(Information Opens)
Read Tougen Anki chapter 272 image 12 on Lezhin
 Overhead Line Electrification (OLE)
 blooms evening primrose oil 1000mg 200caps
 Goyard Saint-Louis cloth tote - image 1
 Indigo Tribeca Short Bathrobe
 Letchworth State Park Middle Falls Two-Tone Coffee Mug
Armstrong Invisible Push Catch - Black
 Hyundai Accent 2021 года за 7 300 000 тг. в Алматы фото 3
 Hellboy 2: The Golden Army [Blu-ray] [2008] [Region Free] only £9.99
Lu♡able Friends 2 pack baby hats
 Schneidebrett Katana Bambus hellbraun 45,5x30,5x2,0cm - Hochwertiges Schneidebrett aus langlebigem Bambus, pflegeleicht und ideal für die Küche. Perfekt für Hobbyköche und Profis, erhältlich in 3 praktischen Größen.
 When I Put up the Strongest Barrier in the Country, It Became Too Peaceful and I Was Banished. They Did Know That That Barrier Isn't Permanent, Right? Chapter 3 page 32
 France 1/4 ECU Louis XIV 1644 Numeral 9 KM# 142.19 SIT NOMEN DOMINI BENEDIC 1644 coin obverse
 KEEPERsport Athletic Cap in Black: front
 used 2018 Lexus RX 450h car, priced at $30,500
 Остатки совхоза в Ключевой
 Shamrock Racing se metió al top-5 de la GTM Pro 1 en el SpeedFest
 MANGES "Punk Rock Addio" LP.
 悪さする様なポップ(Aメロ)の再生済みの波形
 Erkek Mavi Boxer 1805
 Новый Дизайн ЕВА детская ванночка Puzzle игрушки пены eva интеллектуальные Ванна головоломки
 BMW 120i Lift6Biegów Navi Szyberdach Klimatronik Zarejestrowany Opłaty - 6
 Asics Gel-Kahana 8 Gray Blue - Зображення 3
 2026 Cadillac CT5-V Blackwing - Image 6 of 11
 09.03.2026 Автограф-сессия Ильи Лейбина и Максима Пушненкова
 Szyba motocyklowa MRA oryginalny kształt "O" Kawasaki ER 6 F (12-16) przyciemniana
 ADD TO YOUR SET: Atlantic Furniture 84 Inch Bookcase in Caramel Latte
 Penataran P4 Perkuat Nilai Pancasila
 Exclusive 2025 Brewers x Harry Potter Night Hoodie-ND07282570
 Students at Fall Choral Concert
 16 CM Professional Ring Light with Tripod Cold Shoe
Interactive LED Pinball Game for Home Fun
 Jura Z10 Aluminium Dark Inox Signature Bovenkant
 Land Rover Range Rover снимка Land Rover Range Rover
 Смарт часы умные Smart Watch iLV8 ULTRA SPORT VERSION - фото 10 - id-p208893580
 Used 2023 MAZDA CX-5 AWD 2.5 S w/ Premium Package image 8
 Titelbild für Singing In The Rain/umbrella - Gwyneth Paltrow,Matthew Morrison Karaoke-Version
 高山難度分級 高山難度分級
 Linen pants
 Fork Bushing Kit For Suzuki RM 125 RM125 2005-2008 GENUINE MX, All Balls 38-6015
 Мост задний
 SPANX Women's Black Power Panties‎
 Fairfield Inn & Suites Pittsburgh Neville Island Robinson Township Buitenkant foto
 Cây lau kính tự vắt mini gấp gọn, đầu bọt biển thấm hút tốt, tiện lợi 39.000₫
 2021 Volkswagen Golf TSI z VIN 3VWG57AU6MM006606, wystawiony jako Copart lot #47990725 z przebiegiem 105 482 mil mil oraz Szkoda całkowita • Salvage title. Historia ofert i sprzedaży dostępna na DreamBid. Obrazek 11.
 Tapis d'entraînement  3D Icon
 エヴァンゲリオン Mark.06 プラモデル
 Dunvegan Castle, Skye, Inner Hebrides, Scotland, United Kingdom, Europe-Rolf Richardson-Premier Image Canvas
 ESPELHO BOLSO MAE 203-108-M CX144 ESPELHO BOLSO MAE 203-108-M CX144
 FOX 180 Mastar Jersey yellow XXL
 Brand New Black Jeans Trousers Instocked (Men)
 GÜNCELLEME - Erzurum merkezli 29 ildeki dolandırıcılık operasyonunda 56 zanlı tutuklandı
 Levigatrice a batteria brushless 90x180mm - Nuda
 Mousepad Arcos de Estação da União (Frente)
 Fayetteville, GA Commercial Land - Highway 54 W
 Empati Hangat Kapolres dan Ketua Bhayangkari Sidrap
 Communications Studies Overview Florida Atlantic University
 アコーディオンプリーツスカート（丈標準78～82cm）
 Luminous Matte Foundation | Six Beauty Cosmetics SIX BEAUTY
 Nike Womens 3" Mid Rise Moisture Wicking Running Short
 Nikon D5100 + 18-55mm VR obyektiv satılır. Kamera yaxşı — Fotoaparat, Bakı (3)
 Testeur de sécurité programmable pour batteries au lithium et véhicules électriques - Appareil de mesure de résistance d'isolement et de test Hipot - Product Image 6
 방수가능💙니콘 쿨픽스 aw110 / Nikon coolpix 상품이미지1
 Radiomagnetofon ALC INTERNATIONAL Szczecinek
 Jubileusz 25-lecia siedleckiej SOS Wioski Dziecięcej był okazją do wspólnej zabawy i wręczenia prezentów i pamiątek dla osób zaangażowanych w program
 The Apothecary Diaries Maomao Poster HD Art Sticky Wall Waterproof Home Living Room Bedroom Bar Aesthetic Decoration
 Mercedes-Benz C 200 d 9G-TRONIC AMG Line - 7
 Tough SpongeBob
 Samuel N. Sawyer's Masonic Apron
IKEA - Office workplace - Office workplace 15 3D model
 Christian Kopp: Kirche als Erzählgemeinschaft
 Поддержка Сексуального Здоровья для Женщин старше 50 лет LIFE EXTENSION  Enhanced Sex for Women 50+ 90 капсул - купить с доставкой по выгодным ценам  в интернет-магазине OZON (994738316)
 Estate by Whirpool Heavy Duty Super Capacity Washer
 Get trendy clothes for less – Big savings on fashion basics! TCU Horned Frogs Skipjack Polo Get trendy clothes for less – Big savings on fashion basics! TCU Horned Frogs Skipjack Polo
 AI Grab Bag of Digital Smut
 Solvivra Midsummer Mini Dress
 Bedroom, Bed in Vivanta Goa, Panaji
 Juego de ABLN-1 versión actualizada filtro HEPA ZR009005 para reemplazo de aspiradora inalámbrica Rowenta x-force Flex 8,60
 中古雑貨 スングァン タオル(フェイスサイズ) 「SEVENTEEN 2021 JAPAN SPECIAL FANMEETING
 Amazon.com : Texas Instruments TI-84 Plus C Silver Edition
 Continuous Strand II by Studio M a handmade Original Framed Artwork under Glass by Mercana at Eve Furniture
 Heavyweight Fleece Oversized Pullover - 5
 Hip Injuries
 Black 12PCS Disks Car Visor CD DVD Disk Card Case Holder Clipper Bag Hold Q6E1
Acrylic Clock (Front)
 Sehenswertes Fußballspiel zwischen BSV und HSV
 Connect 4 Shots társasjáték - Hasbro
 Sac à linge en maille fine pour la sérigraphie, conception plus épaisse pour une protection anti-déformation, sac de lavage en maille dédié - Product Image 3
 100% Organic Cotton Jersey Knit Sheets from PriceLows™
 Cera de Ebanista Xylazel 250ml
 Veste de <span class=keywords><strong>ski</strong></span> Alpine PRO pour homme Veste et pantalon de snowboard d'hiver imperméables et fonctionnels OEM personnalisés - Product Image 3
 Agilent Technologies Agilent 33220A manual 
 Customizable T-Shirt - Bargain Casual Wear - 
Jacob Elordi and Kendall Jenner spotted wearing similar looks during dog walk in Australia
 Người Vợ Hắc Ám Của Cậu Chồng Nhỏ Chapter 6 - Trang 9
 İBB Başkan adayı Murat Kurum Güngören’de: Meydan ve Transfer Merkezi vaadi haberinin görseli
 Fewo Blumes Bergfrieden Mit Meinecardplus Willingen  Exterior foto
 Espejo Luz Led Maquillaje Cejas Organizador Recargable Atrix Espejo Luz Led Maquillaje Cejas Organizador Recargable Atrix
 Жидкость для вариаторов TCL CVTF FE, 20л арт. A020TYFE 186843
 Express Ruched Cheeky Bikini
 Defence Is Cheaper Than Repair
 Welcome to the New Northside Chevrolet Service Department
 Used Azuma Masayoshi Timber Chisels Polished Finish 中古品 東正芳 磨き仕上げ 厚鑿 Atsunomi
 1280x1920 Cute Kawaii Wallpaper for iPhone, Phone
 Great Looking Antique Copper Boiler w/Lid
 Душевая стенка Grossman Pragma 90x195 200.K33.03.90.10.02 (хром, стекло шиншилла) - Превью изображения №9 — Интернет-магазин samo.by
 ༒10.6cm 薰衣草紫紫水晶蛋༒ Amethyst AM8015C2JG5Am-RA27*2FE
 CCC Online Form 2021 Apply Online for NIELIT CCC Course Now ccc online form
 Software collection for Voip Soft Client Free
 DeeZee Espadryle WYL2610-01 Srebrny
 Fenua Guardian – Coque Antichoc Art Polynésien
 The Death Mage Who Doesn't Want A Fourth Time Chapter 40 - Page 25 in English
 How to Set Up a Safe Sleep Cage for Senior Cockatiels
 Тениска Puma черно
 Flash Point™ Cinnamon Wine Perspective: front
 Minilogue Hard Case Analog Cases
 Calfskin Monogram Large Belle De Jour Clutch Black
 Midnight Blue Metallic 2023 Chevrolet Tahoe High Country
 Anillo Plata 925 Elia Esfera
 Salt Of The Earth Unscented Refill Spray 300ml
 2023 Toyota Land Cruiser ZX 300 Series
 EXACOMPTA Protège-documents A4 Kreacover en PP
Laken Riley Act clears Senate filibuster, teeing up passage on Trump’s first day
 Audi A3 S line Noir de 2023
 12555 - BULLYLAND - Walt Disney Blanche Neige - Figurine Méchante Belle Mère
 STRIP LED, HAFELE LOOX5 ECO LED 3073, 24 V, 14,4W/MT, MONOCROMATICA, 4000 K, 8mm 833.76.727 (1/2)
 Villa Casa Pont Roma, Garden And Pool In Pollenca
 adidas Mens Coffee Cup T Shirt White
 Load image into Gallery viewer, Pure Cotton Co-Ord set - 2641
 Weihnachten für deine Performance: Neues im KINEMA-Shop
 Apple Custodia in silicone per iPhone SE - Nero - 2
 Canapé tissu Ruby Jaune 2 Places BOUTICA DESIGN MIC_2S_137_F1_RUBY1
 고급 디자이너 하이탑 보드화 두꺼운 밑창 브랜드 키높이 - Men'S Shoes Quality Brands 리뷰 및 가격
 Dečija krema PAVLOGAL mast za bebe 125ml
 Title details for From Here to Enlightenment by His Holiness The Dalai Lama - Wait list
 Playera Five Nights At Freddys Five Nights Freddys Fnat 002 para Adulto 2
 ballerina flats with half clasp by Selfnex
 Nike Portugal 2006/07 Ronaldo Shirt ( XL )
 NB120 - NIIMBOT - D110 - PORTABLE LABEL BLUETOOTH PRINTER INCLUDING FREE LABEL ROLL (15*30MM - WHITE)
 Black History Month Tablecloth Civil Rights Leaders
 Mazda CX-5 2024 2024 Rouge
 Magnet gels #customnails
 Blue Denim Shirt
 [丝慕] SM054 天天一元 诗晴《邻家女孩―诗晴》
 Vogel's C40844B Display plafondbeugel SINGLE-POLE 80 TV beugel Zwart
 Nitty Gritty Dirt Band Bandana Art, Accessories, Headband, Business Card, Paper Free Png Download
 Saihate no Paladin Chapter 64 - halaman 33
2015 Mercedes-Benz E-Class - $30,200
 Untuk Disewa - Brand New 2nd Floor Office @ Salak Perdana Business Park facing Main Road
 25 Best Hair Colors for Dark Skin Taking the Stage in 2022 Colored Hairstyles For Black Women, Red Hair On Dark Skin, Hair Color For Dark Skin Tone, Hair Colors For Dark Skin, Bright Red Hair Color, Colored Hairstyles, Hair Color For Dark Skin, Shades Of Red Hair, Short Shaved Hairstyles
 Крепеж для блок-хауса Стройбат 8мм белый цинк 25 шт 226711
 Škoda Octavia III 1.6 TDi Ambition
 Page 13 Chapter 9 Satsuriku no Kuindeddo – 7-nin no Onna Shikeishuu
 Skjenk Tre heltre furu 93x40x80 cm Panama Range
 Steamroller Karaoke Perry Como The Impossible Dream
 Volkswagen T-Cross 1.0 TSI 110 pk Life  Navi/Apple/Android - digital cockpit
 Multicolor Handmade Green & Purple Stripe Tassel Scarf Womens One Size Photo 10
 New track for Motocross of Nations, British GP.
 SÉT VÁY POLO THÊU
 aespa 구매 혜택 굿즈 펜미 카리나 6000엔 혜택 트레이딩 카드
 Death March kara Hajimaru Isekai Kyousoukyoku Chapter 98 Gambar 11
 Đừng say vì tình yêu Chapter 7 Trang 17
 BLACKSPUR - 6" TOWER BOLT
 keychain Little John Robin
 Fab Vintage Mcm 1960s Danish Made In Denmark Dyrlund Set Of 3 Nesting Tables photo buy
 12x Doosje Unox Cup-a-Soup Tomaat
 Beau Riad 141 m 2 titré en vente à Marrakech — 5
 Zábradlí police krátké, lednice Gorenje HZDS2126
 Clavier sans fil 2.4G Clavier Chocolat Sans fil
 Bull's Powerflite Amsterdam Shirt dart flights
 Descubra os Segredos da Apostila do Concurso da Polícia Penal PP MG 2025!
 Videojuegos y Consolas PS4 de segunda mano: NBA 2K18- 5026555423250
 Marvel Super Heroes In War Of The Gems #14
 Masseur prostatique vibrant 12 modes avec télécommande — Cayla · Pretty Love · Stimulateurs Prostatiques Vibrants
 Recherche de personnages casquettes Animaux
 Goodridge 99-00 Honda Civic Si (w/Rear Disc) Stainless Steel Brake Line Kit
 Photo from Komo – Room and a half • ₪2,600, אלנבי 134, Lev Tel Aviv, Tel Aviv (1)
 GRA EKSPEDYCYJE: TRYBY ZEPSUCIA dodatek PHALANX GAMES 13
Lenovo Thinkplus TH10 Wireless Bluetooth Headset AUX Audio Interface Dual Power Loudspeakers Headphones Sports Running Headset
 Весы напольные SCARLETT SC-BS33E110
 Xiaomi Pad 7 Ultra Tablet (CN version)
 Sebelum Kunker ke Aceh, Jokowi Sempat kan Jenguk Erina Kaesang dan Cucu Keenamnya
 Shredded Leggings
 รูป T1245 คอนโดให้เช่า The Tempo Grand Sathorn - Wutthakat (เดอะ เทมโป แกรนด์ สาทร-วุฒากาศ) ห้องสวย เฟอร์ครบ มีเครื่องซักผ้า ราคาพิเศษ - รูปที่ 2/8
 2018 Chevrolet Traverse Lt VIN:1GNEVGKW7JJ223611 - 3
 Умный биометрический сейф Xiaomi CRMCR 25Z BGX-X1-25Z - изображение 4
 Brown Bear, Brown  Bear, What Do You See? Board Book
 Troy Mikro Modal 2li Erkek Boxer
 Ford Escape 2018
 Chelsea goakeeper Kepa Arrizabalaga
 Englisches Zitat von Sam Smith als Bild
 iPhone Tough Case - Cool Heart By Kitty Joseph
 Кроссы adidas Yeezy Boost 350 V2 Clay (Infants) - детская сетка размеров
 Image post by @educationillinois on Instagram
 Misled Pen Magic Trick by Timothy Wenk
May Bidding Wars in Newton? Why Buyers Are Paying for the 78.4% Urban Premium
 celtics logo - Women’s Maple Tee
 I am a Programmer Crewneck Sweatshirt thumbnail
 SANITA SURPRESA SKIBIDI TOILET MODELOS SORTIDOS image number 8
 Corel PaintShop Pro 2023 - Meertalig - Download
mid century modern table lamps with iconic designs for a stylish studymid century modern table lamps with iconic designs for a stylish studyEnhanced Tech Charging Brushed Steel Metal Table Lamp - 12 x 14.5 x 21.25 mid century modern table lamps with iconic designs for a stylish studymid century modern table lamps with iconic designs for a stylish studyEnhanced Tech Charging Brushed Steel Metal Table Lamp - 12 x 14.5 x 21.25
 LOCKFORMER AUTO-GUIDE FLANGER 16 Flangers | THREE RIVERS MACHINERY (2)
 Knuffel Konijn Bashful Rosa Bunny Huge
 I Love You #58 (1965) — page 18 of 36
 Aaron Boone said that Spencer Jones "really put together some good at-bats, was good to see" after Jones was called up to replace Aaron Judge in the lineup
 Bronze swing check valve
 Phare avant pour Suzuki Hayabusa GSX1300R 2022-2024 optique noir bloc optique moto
(Information Closes)
> **Exercise goal**: The response should hold exactly the lines starting at the line with "adidas Mens Coffee Cup T Shirt White" and ending at the line with "Title details for", and no other line of the material above.

> **Solution for this task**:
 adidas Mens Coffee Cup T Shirt White
 Load image into Gallery viewer, Pure Cotton Co-Ord set - 2641
 Weihnachten für deine Performance: Neues im KINEMA-Shop
 Apple Custodia in silicone per iPhone SE - Nero - 2
 Canapé tissu Ruby Jaune 2 Places BOUTICA DESIGN MIC_2S_137_F1_RUBY1
 고급 디자이너 하이탑 보드화 두꺼운 밑창 브랜드 키높이 - Men'S Shoes Quality Brands 리뷰 및 가격
 Dečija krema PAVLOGAL mast za bebe 125ml
 Title details for From Here to Enlightenment by His Holiness The Dalai Lama - Wait list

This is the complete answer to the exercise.